Equating $T\left(0,\tau \right)=T_m$in expression (14) and making some transformations, it turns to be

$$L_{tm1}=j_{m1}U=\left[C\left(T_m-T_0\right)\right]\frac{C_0}{f\left(0\right)}\frac{U^{\frac{3}{2}}}{\tau }.$$

(15)

Expression (15) determines the threshold of the absorbed electron beam power density at which the melting temperature is reached on the target surface, in other words, this expression specifies the MMT in the volume heating case (at γ≫1).

3.2. Heating with a Surface Heat Source

In the γ≪1 case, equation (5) is transformed into (16) with the left boundary condition (17)

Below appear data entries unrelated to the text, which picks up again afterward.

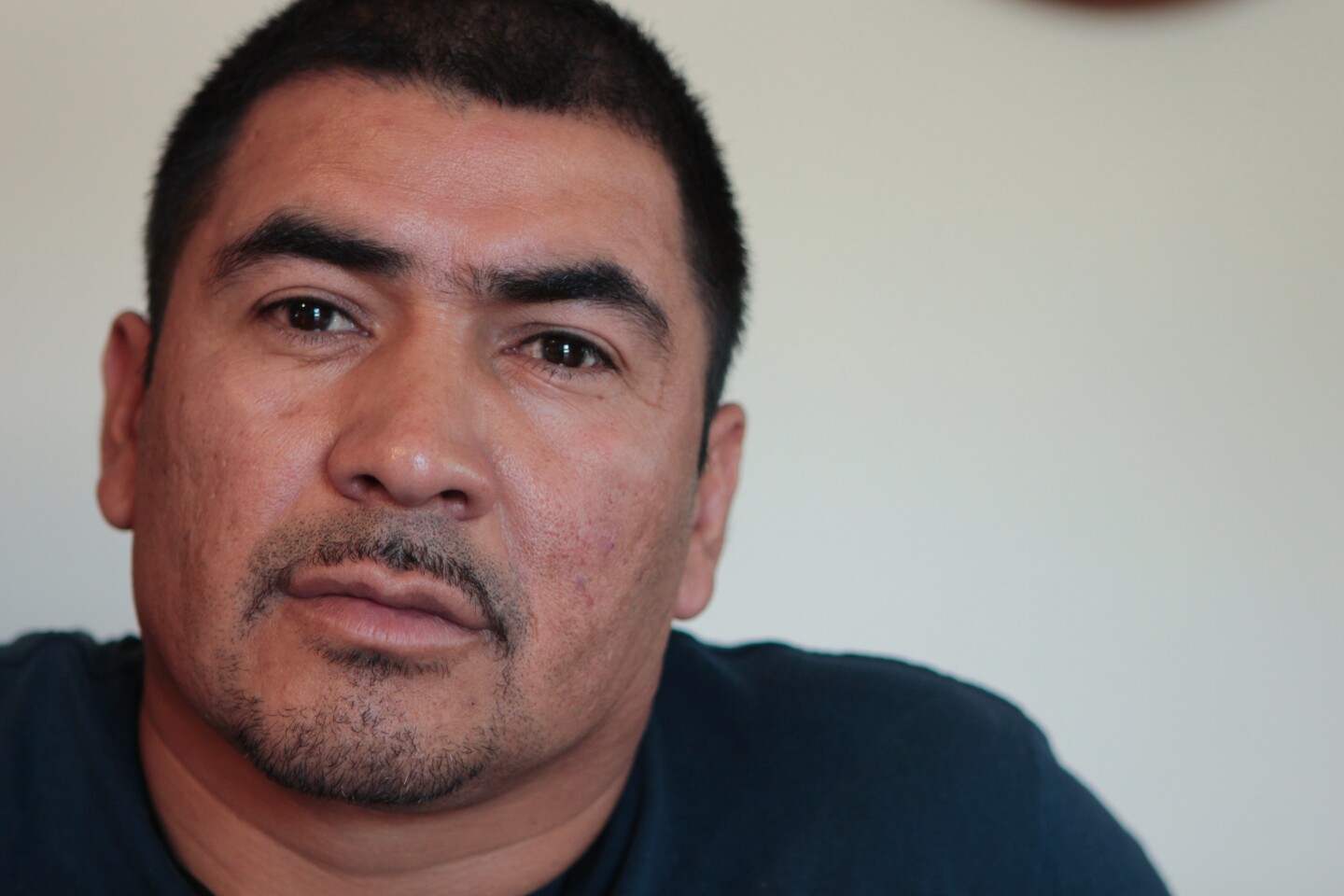 Jesus Castro Romo, 39, claims a Border Patrol agent beat him, hurled insults at him and then shot him in the side before riding away. Castro Romo says he waited in the desert for an hour and a half, bleeding through his clothes, thinking about his children and preparing himself for death. An emergency crew returned and airlifted him to University Medical Center in Tucson. In January 2012, Castro Romo sued the U.S. government in January.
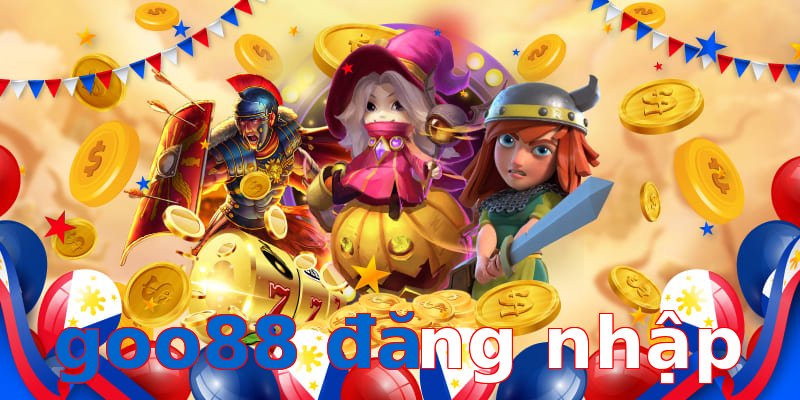 goo88 đăng nhập
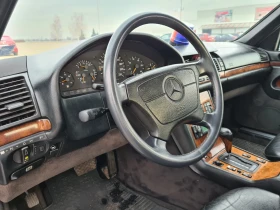 Mercedes-Benz S 350 TD 150к.с W140 АВТОМАТИК РЕТРО КЛАСИКА !!! - 6000 € - 79570686 9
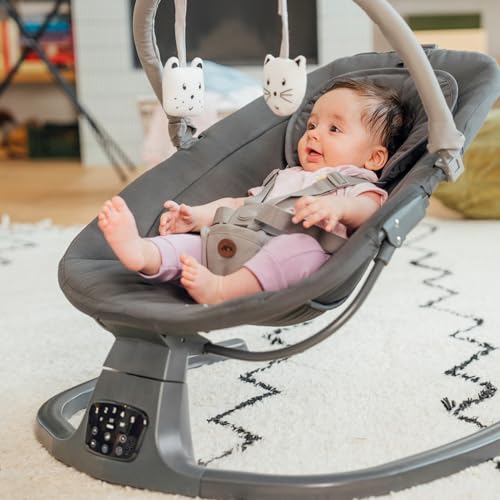 Detalle 2 de Bebeconfort Jolana, hamaca bebé 9 kg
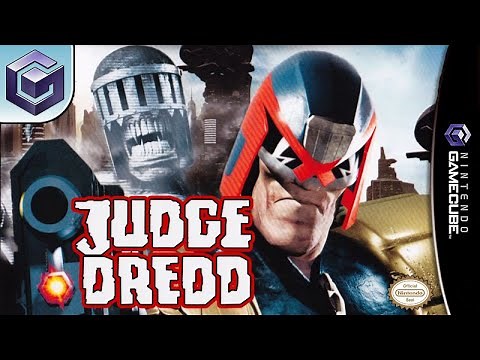 Longplay of Judge Dredd: Dredd vs. Death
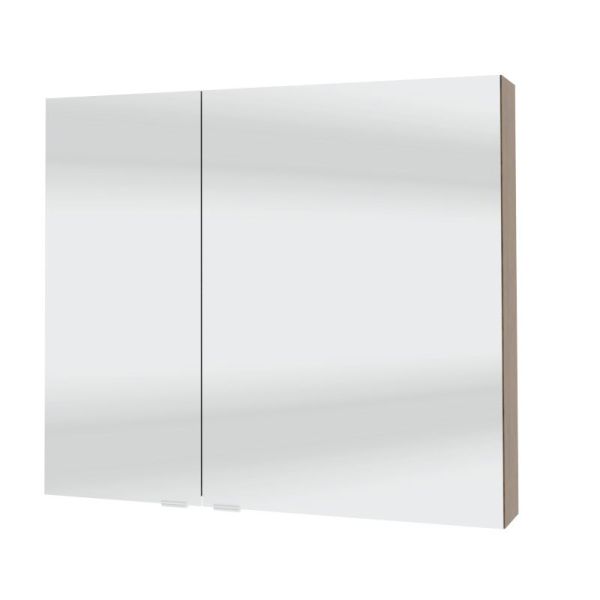 Marlin 3980spiegel Spiegelschrank - 80 cm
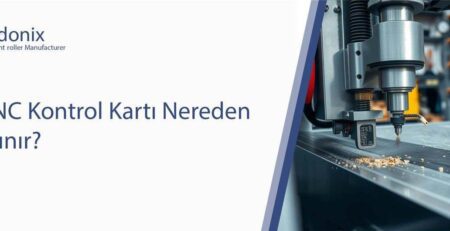 CNC Kontrol Kartı Nereden Alınır?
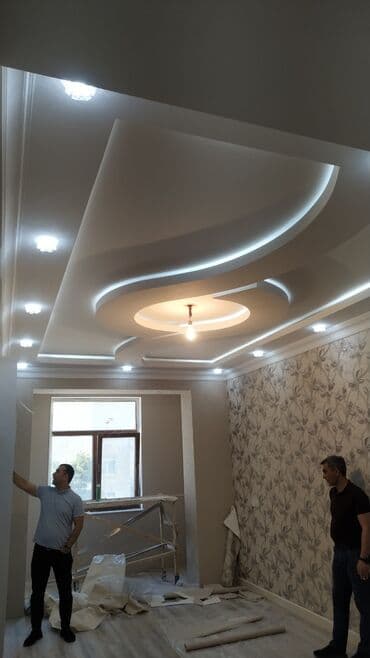 капитальный ремонт многоквартирных домов: Salam temir işleri ücün müraciyet ede bilersiz aboyların yenilenmesi — 18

$$\rho c\left(T\right)\frac{\partial T\left(x,t\right)}{\partial t}=\frac{\partial }{\partial x}\left(\lambda \left(T\right)\frac{\partial T\left(x,t\right)}{\partial x}\right),$$

(16)

$$-\lambda \left(T\right){\left.\frac{\partial T}{\partial x}\right|}_{x=0}=L_s$$

(17)

If $L_s$(t)=const, then the solution of equation (16) with the boundary condition (17) has the following form [37]:

$$T\left(x,t\right)=\frac{2L_s\sqrt{at}}{\lambda }ierfc\left(\frac{x}{2\sqrt{at}}\right)+T_0\left(x\right).$$

(18)

Describing the a thermal diffusivity in accordance with its definition and considering temperature on the target surface by the end of a pulse, the following dependence can be written:

$$T\left(0,\tau \right)=2L_s\sqrt{\frac{\tau }{\rho c\lambda }}ierfc\left(0\right)+T_0\left(x\right).$$

(19)

Equating $T\left(0,\tau \right)=T_m$ in expression (19) and making some transformations, it turns to be

$$L_{tm2}=j_{m2}U=\left[\sqrt{\rho с\lambda }\left(T_m-T_0\right)\right]{\left(2ierfc\left(0\right)\sqrt{\tau }\right)}^{-1}.$$

(20)

Expression (20) determines the threshold of the absorbed electron beam power density at which the melting temperature is reached on the target surface, in other words, this expression specifies the MMT in the surface heating case (at γ≪1).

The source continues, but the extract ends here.